I know that this might be a bit too far fetched, my idea is only a possible example, but here we deal with the ideas, some of them ocasionaly will evoke conflict and I just think that this forum deserves a organised, principal and proffessional approach to it - wether simmilar or different from what I hinted above.

cheers,

jazz


----------



## Dr J (Apr 22, 2013)

Nice design! A jewelry sprue cutter would also do a great job in removing the casting sprues.


----------



## jazz (May 15, 2012)

Dr J said:


> Nice design! A jewelry sprue cutter would also do a great job in removing the casting sprues.


Hi Dr J,

Excellent idea, thanks!

cheers,

jazz


----------



## One Shot-Corey (Nov 17, 2012)

Ive been making lead balls like yours but having a time cuting them up but ill have to make something like you have to cut them very cool idea


----------



## JohnKrakatoa (Nov 28, 2013)

well you think into the future jazz... I completely agree with what you said, maybe the idea about the forum s a legal entity to manage patents is really a bit far fetched though.

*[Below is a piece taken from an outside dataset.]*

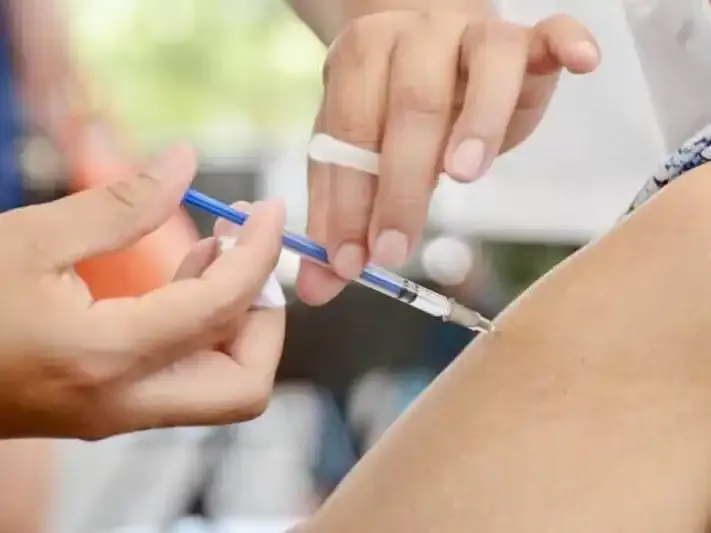Persona recibiendo una vacuna en un centro de salud de Formosa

if you only care that people will be able to make them themselves then I think theres no issue... i dont see how someone else having a patent on it would make it impossible for a non commercial production of one or two DIY moulds for your own use..

i just meant that you could maybe make some money on it

BTW , I am till interested and I live in Slovak Republic which isnt so far from you. Whats postage to Slovakia? How much does it weigh? Maybe a smaller version? xD

Or.....you can always just share the plans with us, maybe i can find someone who can make me one xD

Anyway thx for just sharing the pics/idea, maybe ill make me a mould of some hardwood in its image xD


----------



## jazz (May 15, 2012)

Hi JohnKrakatoa,

Thank you for your comment, it is very fare and well intended.

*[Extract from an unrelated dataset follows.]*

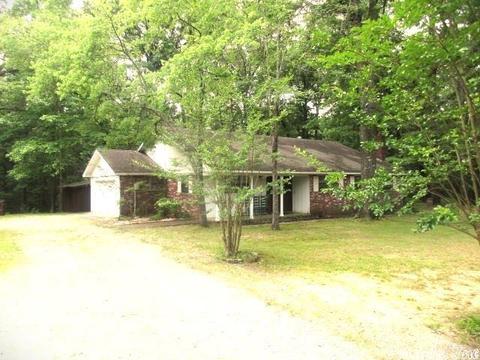 6901 Village Dr, Pine Bluff, AR 71603 photo 2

The mold is almost 3 kg heavy and there is no way my post office will receive it for regular sendeng; more to that, I have no intention to make another one (ones) and sell them; at least in this moment.

I would gladly share the drawing im much the same way I shared the concept itself and the pictures, but I only did the sketch to this man and since his work is 3D modeling and cutting by the CNC machine etc., he finished the drawing in his computer and made this mold for me.

But the drawing is not difficult to reconstruct: looking from side, that is, at the vertical cut of one half of the mold for any of the calibers, the funnel part at the top where you pour the lead is 4 mm in diameter, as if you took half of such a ball and cut it into the top of the mold; the channel through which the lead flows down in the main shape of the ball is 3mm in diameter and I think some 15 mm long - but I guess that it could be less; and, finaly, the main part, where the lead ball is formed has the diameter of the caliber, in my case these are 8,9,10 and 11 mm.

The center of the main calliber - the ball itself is always at the end of this 15 mm channe, but it does not have to be: for smaller calibers it can be higher, for larger ones it can stay there.

The distance between each of the instancies (and there are 7 of themn in this case) is some 25 mm, that is from the center of the place where you pour the lead to the next one.

I hope this helps and if it does not just let me know I will explain everything.

cheers,

jazz


----------



## oldmiser (Jan 22, 2014)

very nice ~AKA Oldmiser


----------



## Pro-Shot (UK) Catapults (Apr 21, 2010)

Hi I think you will find that part if not all your problem is with trap air in the mould when you are casting it look very much like both faces are very well m/c and this could be the problem were the air in the mould can not get out due to the faces being a very good flat surface. you can combat this by putting a vent up along the side of the sprue were you cast the metal in would not need to be so deep just enough for the air to get out


----------



## jazz (May 15, 2012)

MILBRO PRO SHOT UK said:


> Hi I think you will find that part if not all your problem is with trap air in the mould when you are casting it look very much like both faces are very well m/c and this could be the problem were the air in the mould can not get out due to the faces being a very good flat surface. you can combat this by putting a vent up along the side of the sprue were you cast the metal in would not need to be so deep just enough for the air to get out


Thanks! Soon I will be speaking with the man who made the mold for me and as soon as his time alows he will do some interventions related to vents, hopefuly.

thanks,

jazz


----------